Passano due ore e mezzo giuste, ed ecco che spunta il manager della societa' che affitta le macchine con un meccanico al seguito. In quattro e quattr'otto vaticina che in effetti il bullone e' diverso dagli altri e a martellate ci infila di prepotenza una chiave di misura piu' piccola dei bulloni normali, giusto per poter acchiappare quel bullonaccio infame e svitarlo. Cambiano la ruota e ci rimettiamo in macchina. Fa buio in quel momento.

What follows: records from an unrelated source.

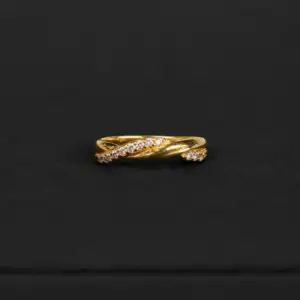Twisted Accent Gold Ring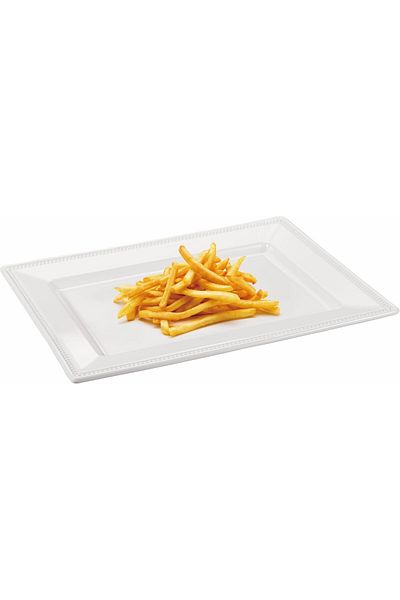ORCHID 15" EMBOSSED RECT SERVING PLATE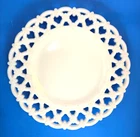 Vintage Westmoreland Forget Me Not HTF 8-1/2 in Luncheon Milk Glass Plate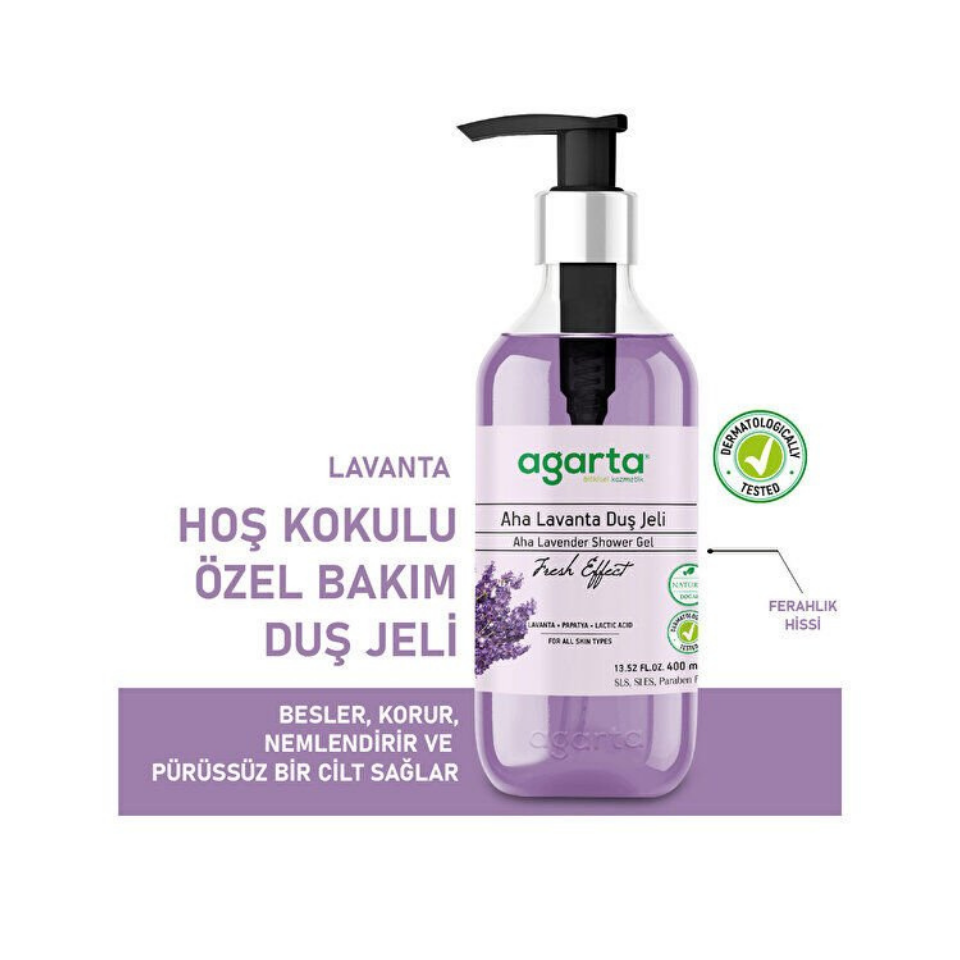Agarta Doğal Aha Lavanta Duş Jeli 400 ml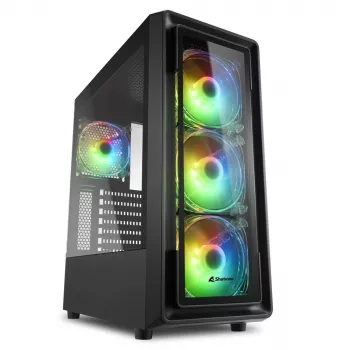 PC Case Sharkoon TK4 RGB Midi Tower Black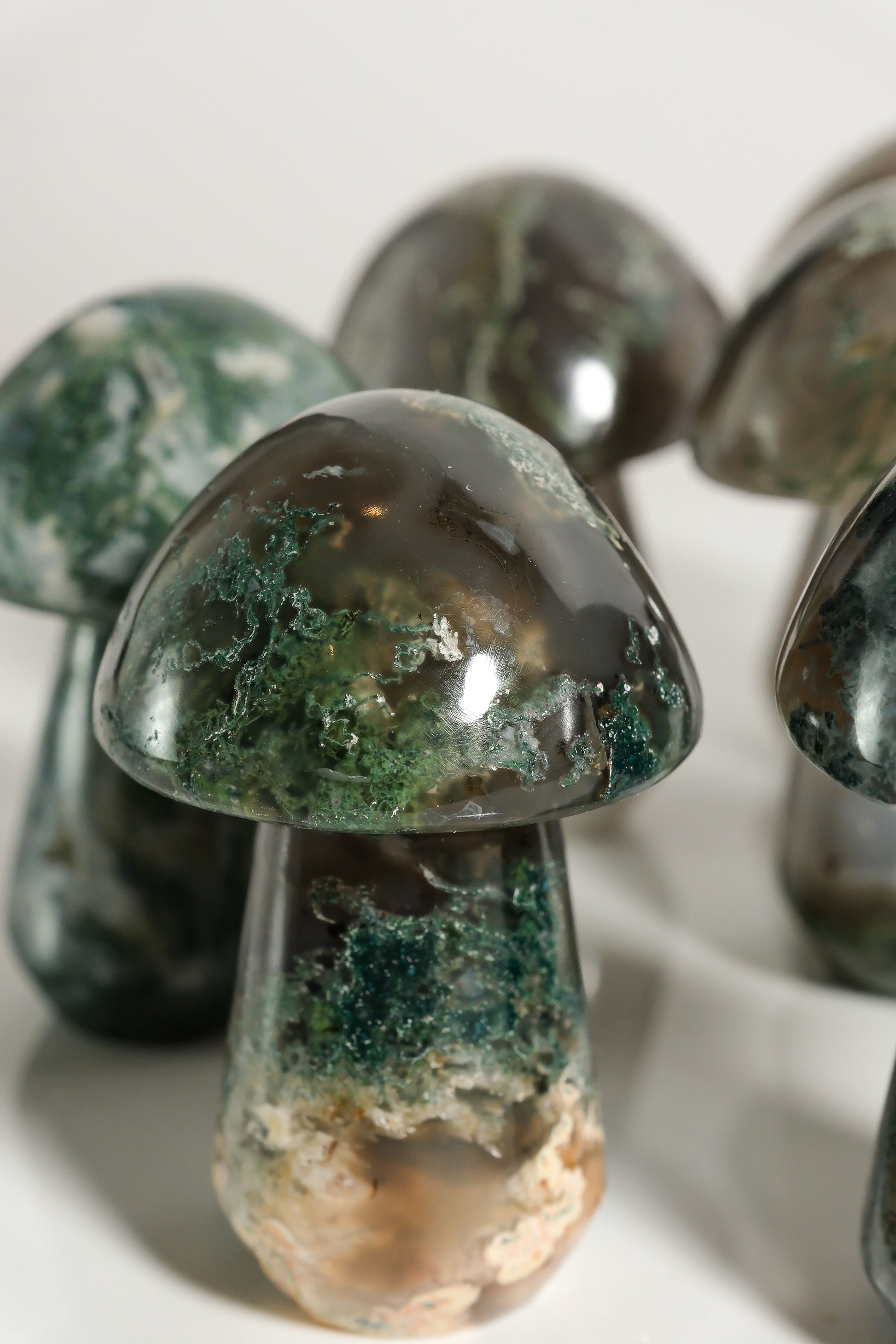 Moss Agate Mushroom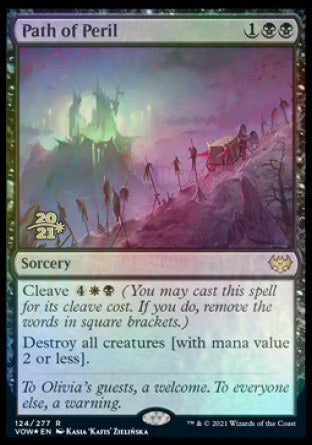 Path of Peril [Innistrad: Crimson Vow Prerelease Promos] | Devastation Store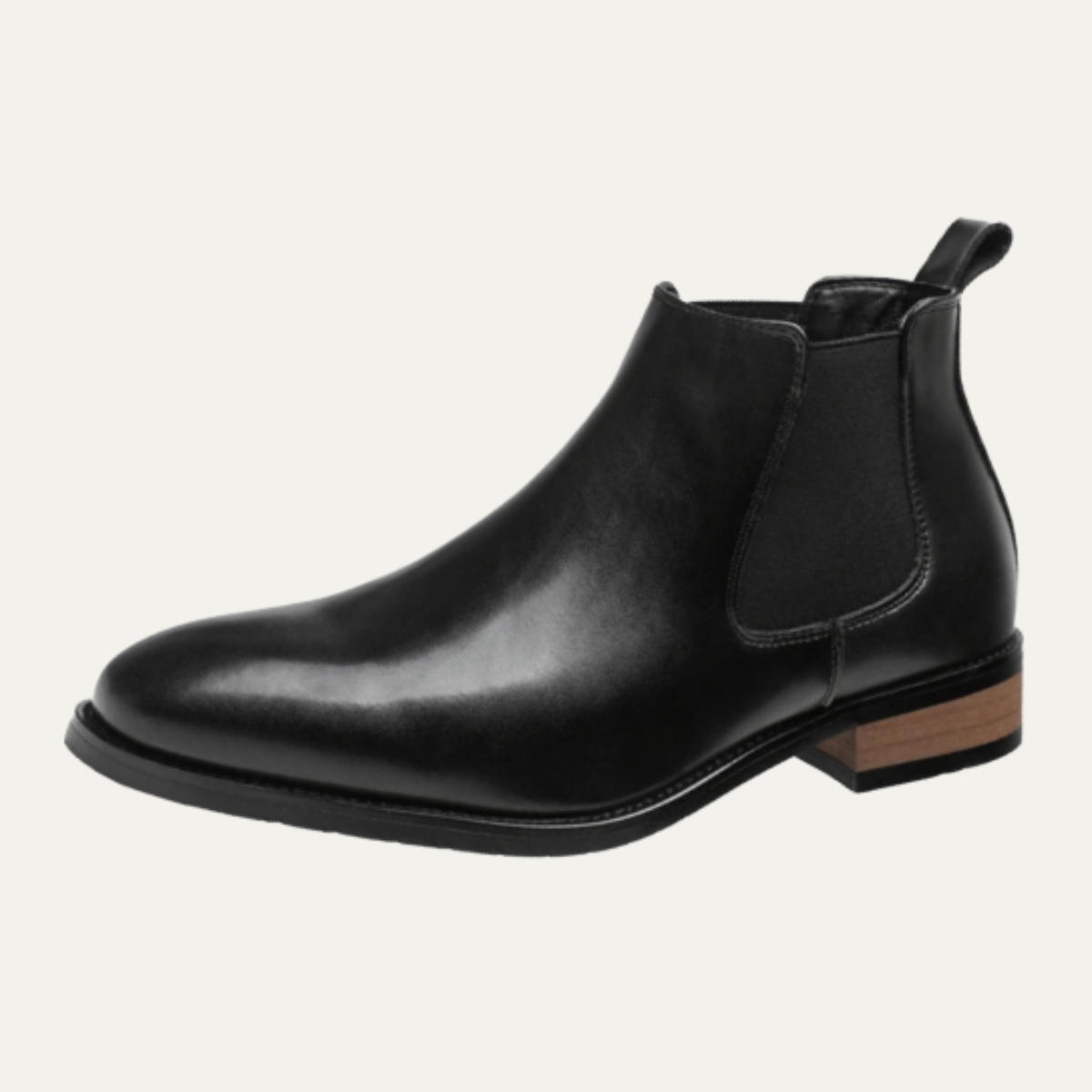 The Treviso Men’s Smart Leather Ankle Chelsea Boots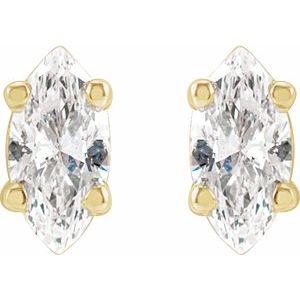 14K Yellow Gold 1/4 CTW Natural Diamond Earrings – image 2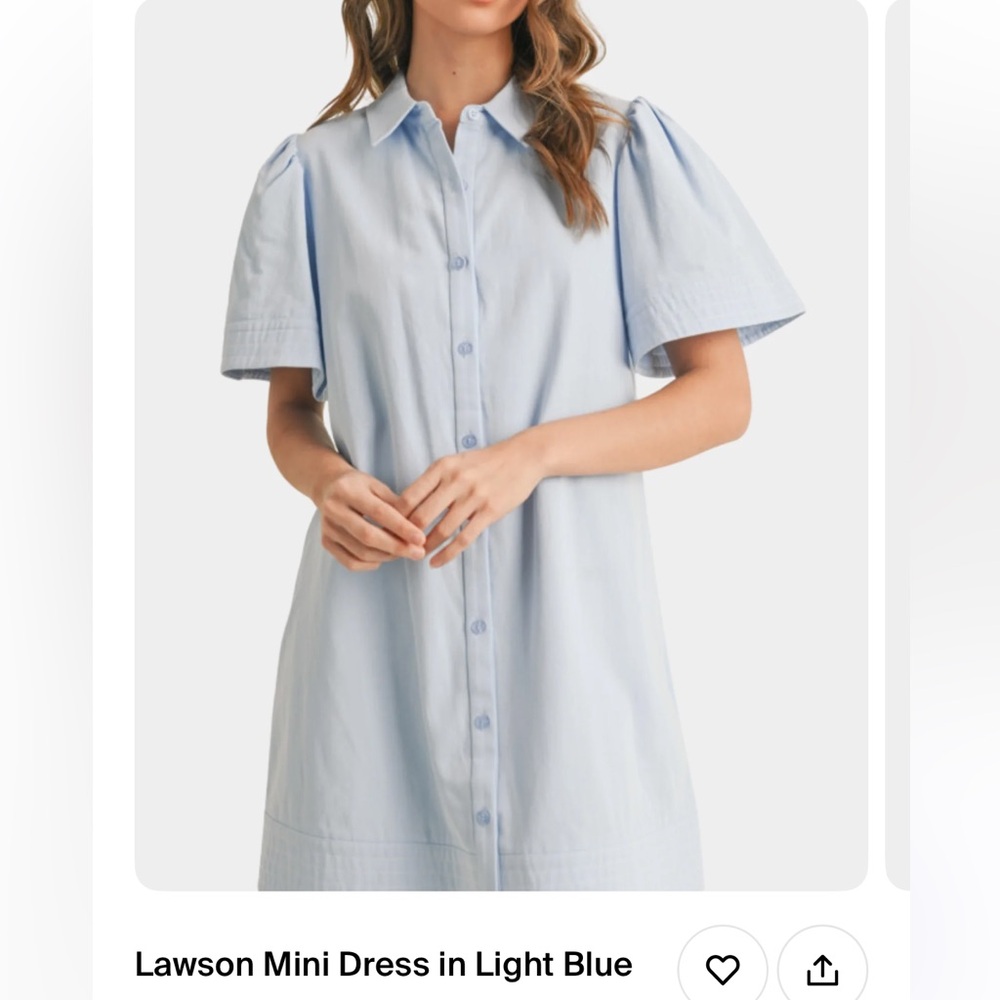 Light Blue Mini Dress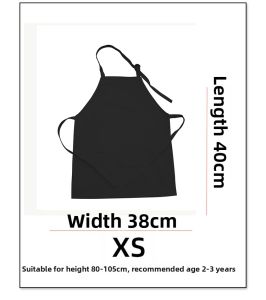 White Canvas Apron for Childrens Calligraphy Class Pure Cotton Simple Drawing Graffiti Coverall Logo Non-Support Disposable Use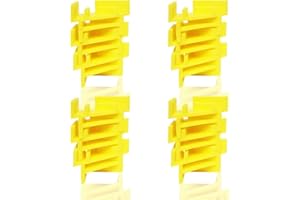 PIAOLGYI 12 Pcs Tray Stackers for Harvest Right Freeze Dryer Accessories Compatible with Harvest Right Trays,Yellow(ONLY Tray Stackers)
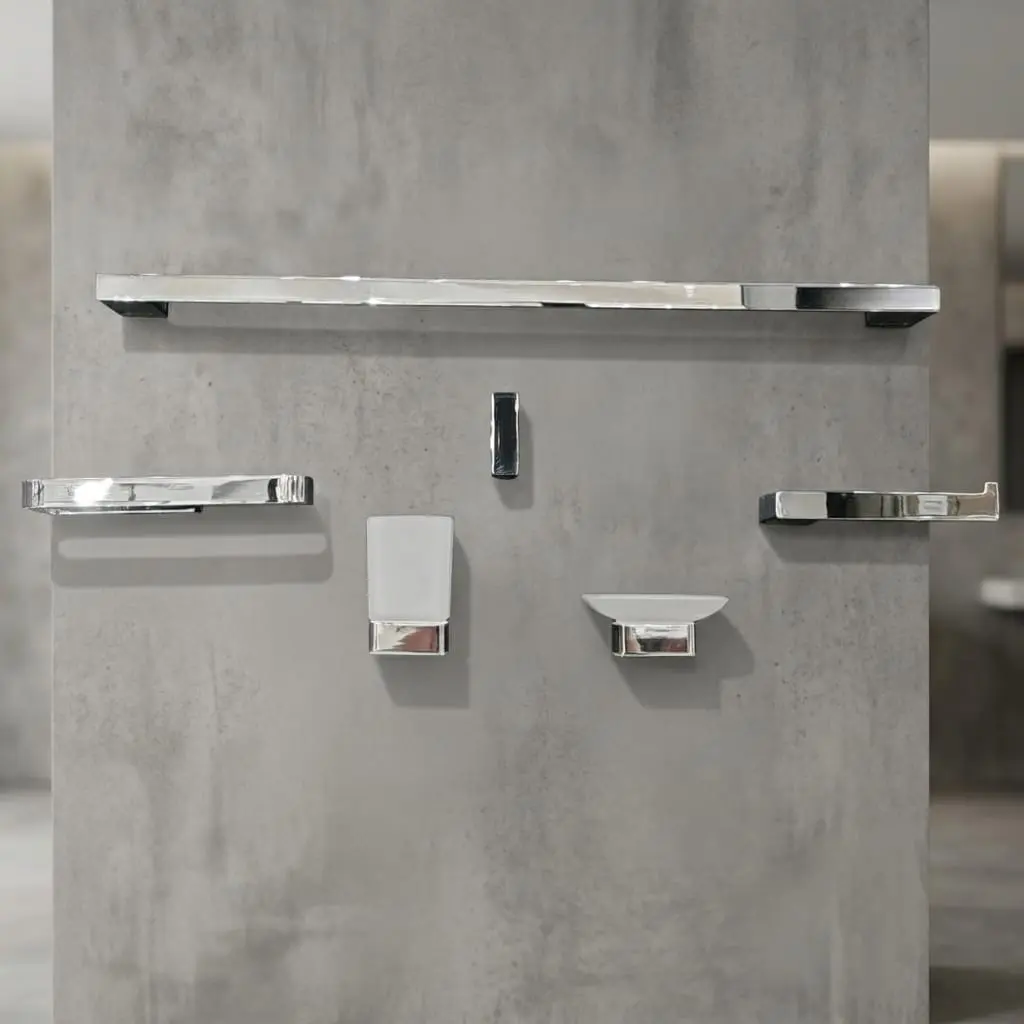 GLORY 6-Piece German Chrome Bathroom Accessory Set, Model A400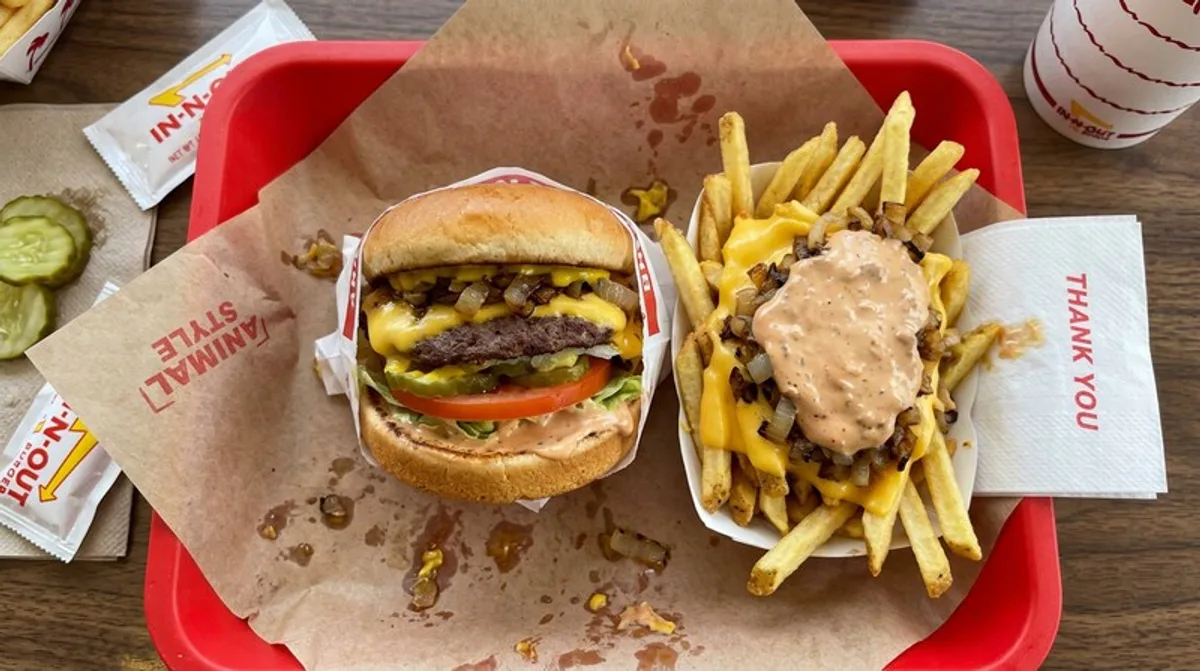 Cannabis In-N-Out Animal Style Burger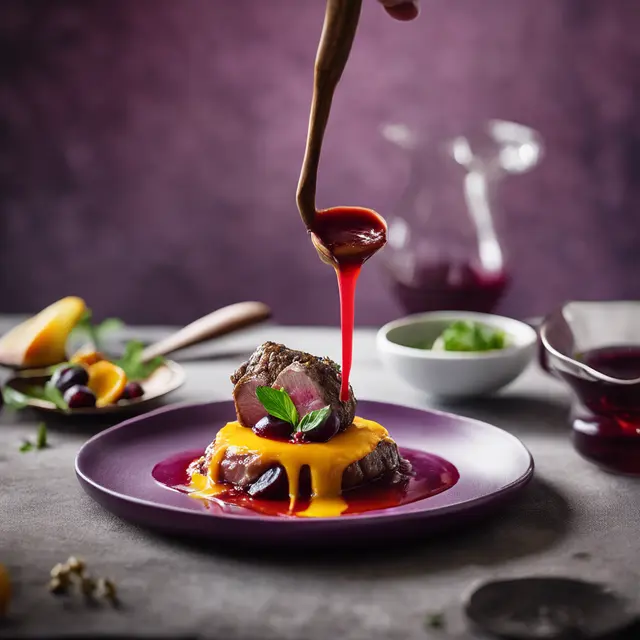 Foto de Lamb with Plum and Passion Fruit Sauce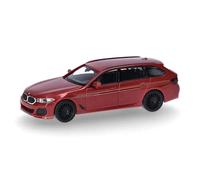 herpa modèle réduit BMW Alpina B5 Touring, Rouge feu métallisé, Miniature à l’échelle 1:87, pièce de Collection, Made in Germany, modèle en Plastique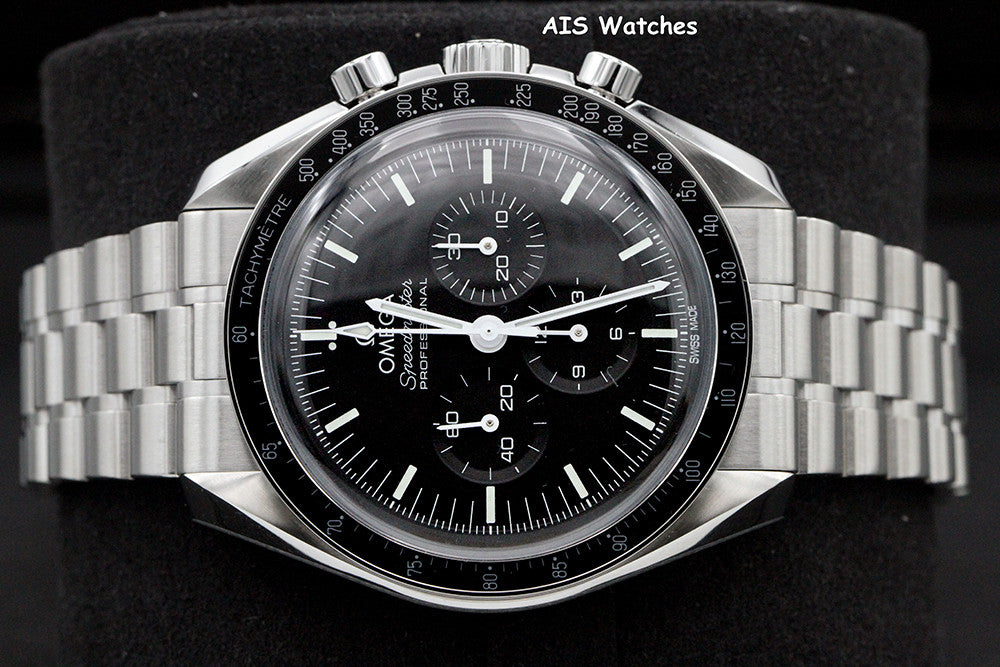BNIB Omega SpeedMaster 3861 Moon Watch 310.30.42.50.01.001 Hesalite Crystal B&P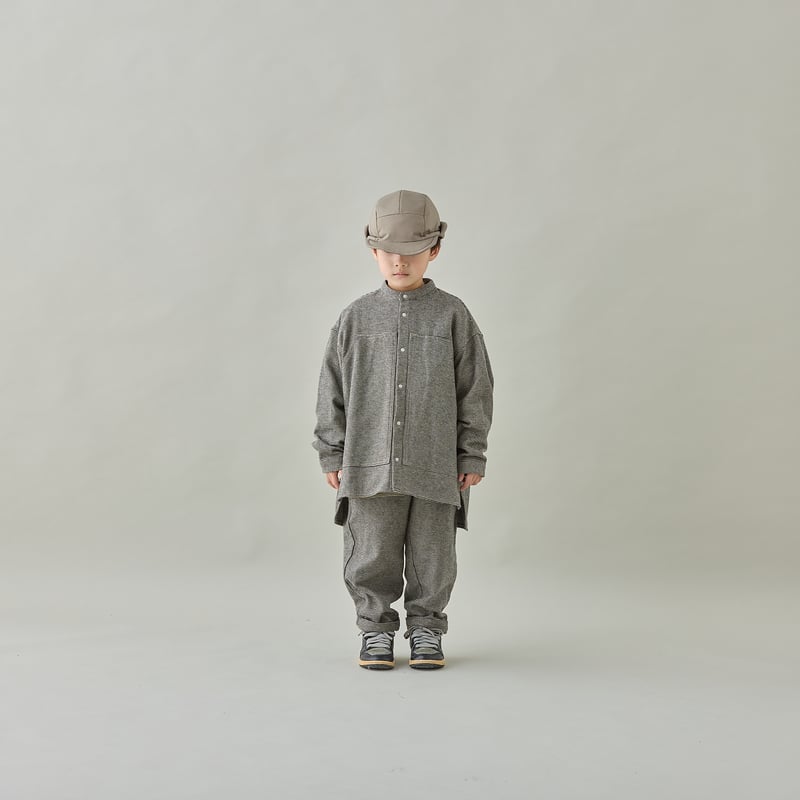 moun ten. フォーマル2点セット sand 125size MOUN TEN. /cotton tweed pocket shirt MS29-1815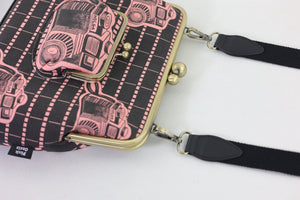 Vintage Camera Handbag and Crossbody 2 Way Bag | PINK OASIS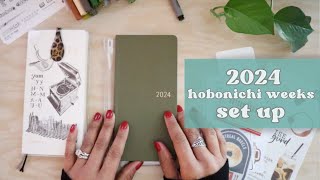 2024 hobonichi weeks set up [upl. by Nosaes]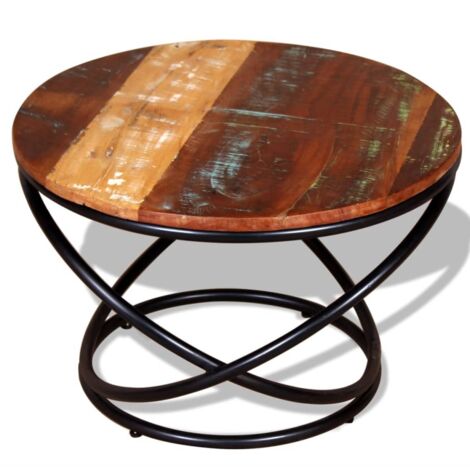 Coffee Table Solid Reclaimed Wood 60x60x40 cm vidaXL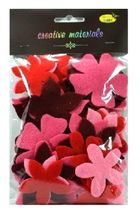 Galeria Hobby, kwiatki z filcu, czerwienie i róże, 60 szt.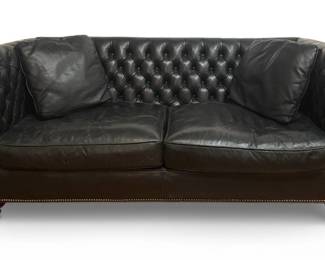 High Back Chesterfield & Nailhead Trim Sofa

Sulla via del ritorno ritroviamo la processione, che nel frattempo aveva percorso 4 o 5 km. Tutti in mezzo alla strada, e una decine di macchine che come la nostra aspettavano, procedendo a passo d'uomo. Un'altra ora di supplizio, ho imparato il rosario in Tetun. E poi ci hanno fatto passare.

L'altra macchina, quella del manager ce la perdiamo praticamente subito, non so se ci hanno superato o sono rimasti dietro. Corri corri verso Dili ed arriviamo al paese pericoloso, Metinaro. E' ormai buio fitto e temiamo che qualcuno ci fermi con degli ostacoli in mezzo alla strada. Se prendono il mio autista, finisce all'ospedale ad essere fortunati (qui usa cosi', lui mi ha raccontato che a Dili anche lui fa le stesse cose, al contrario).
C'e' molta gente per strada e un signore di forse 50 anni, con un bel sasso in mano, ci fa segno di rallentare, poi guarda dentro e ci dice di passare.
Pfui anche questa e' fatta. Questo autista e' discretamente fortunato, vedo.

Dopo meno di mezz'ora torniamo in albergo ed ognuno si ritira nei suoi alloggi.
Nel complesso una tre giorni pregna.